For those taxpayers who own interests in real property, in which the rental income is truly a "passive" source of income, meaning that it is not part of their regular trade or business, the rental income will be treated as part of net investment income and will be subject to the 3.8% tax.  Other taxpayers who spend substantial time working in activities related to rental real estate and maintain that the income derived from rents is not passive, should not be subject to the 3.8% net investment income tax.  These "real estate professionals" substantiate that the rental income should not be included as part of net investment income by choosing the following options:

  1. Ordinary Course Exception
    The proposed regulations state that either a trade or business which is a passive activity with respect to the taxpayer, or the trading of financial instruments or commodities, is subject to the net investment income tax.  To the extent investment income is derived in the ordinary course of a trade or business that is not a passive activity or a trading business, however, it is excluded from the net investment income tax altogether. A trade or business, as it pertains to the net investment income provisions, is described as either:
    1. a trade or business which is passive activity with respect to the taxpayer, or
    2. a trade or business of a trader trading in financial instruments or commodities, regardless of whether the taxpayer is active or passive in that trading business.
  2. To the extent investment income is derived in the ordinary course of a trade or business that is neither a passive activity nor a trading business, it is excluded from net investment income altogether. Because the Ordinary Course Exception does not apply to passive trade or business activities with respect to the taxpayer, all investment income is subject to net investment income tax. The business concept serves two important functions in the Proposed Regulations. First, it limits the Ordinary Course Exception, because investment income does not qualify for the exception. Second, all other gross income that is not an investment income is included in the other income bucket and is subject to net investment tax. Thus, under the Ordinary Course Exception, Investment income is exempt from net investment income tax if it is derived in the ordinary course of a non-passive trade or business activity.

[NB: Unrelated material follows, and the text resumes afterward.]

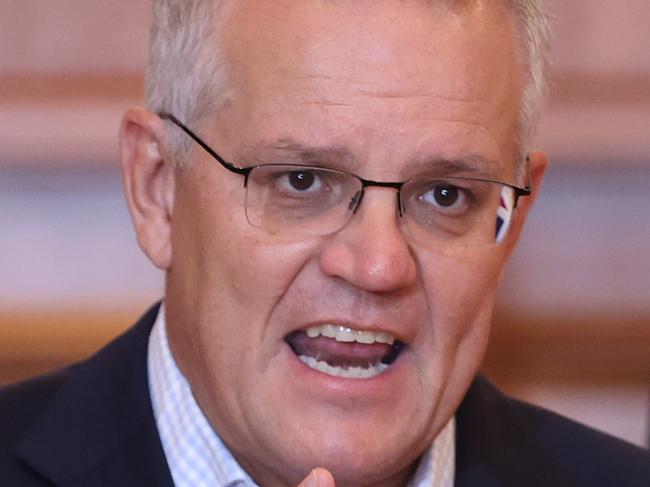 ELECTION TEAM 2022LIBERAL BUS TOUR 27/4/2022Prime Minister Scott Morrison meets with deputy prime minister Barnaby Joyce in the Seat of Capricornia Rockhampton, QLD to give a speech. Picture: Jason Edwards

  3. Real Estate Professional Exception
    Generally, rental activities are classified as passive activities, except for those of individuals classified as real estate professionals.  If a taxpayer qualifies for this exception, the presumption that rental activities are passive does not apply.  Instead, the rental activities will be considered as non-passive if the taxpayer can meet the requirements of being considered a real estate professional.  

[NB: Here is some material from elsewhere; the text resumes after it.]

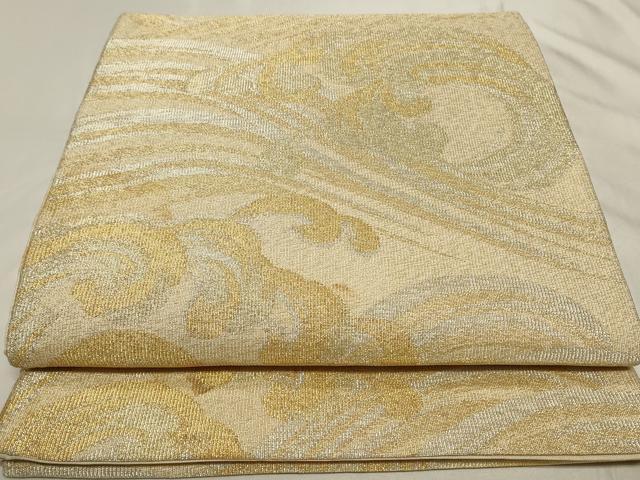 ■■■　サイズ　■■■ 長さ 430cm 幅 30.5cm程 ■■■　商品詳細　■■■ 【正絹・芯なし】 詳細に関しましては、画像をご確認ください。 大変上質な逸品になります。 お安く出品致しますので、是非この機会にいかがでしょうか？ ■■■　注意事項　■■■ ■モニター発色の具合により色合いが異なる場合がございます。 ■寸法は多少の誤差が生じる場合がございますのでご了承ください。 ■縫込みの長さが左右非対称の場合は短い部分を記載しております。 左右非対称であってもご返品・お値引き等の保証は出来かねますので、ご了承の上ご購入をお願い致します。 ■シミ等のチェックには注意を払っておりますが、見落としがある場合もございますし、個人の見解も様々ですので神経質な方のご購入はお控えください。 ■箪笥に入っておりました着物や帯なので畳みシワや匂いがあるものもございます。 ■お休みは基本的に土日祝となりますが、その他臨時でお休みする場合がございますのでご了承ください。 ■商品の発送は平日のみの発送となります。 ■夜間と土曜、日曜日はお問い合わせの回答が遅れる場合がございます。 ■当店では、お直し、紋入れ、お手入れ等は承っておりません。 ■生地の状態（ヤケ、経年劣化等）によってはサイズ直しが出来ない場合がございます。 その点もどうかご了承のうえ、ご購入をお願いいたします。 ■弊社で取り扱う商品は一点ものにつき、時期や在庫状況に応じて金額が変更となる場合がございます。 ■検針は行っておりません。予めご了承いただきますようお願いいたします。 ■【洗える着物】と記載のある商品におきましては、商品お届け後に洗濯を行ってしまってからのご返品にはご対応しかねます。 念の為、専門店でのお手入れをお願いいたします。 ■着物のサイズ目安は下記を参考ください↓ ＜女性着物＞　お端折り次第で＋5cm　−1cmが着用可能サイズ 　例）身丈170cmの場合、身長160cm〜175cm ＜男性着物＞　身丈＋約25cm〜27cm程が適応身長 　例）身丈155cmの場合、身長180〜182cm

In summary, a taxpayer qualifies as a real estate professional if:

  1. More than one-half of the personal services performed in trades or businesses by the taxpayer during the year are performed in "real property trades or businesses" in which the taxpayer materially participates (known as the 50% test), and
  2.  The taxpayer performs more than 750 hours of services during the year in real property trades or businesses in which the taxpayer materially participates.
  3. In applying the 50% and 750 hours tests, services performed as an employee are not treated as performed in real property trades or businesses unless the employee owns at least 5% of the stock (for a corporate employer) or 5% of the capital or profits interests (for a non-corporate employer).

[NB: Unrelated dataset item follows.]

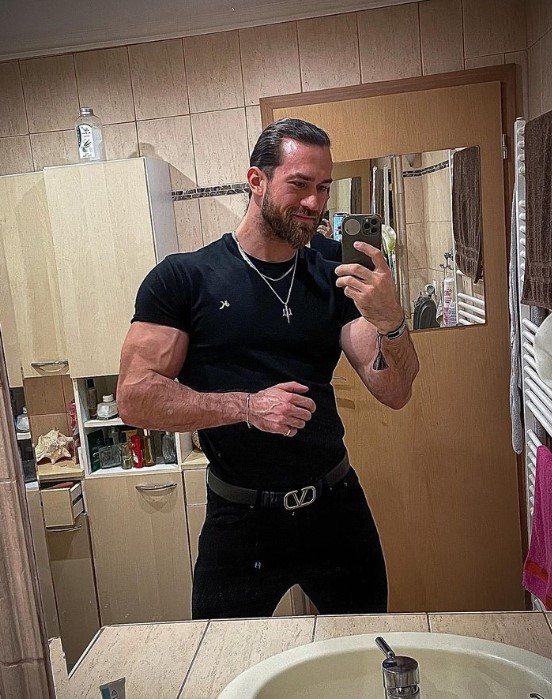 Henrik Szabo je známy zo šou Farma.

Taxpayers must be diligent in documenting the time spent as a real estate professional as, under audit, the IRS will likely request support for the 50% and 750 hour tests.  A calendar documenting the time spent will be very useful in case of IRS scrutiny.

With the application of the 3.8% Medicare tax on net investment income taking effect in 2013, real estate professionals will have a renewed focus on tax implications relating to the level of participation in real estate businesses. Individuals should consult with their tax advisors to determine whether they can meet the requirements of this election and not be subject to the 3.8% Medicare tax.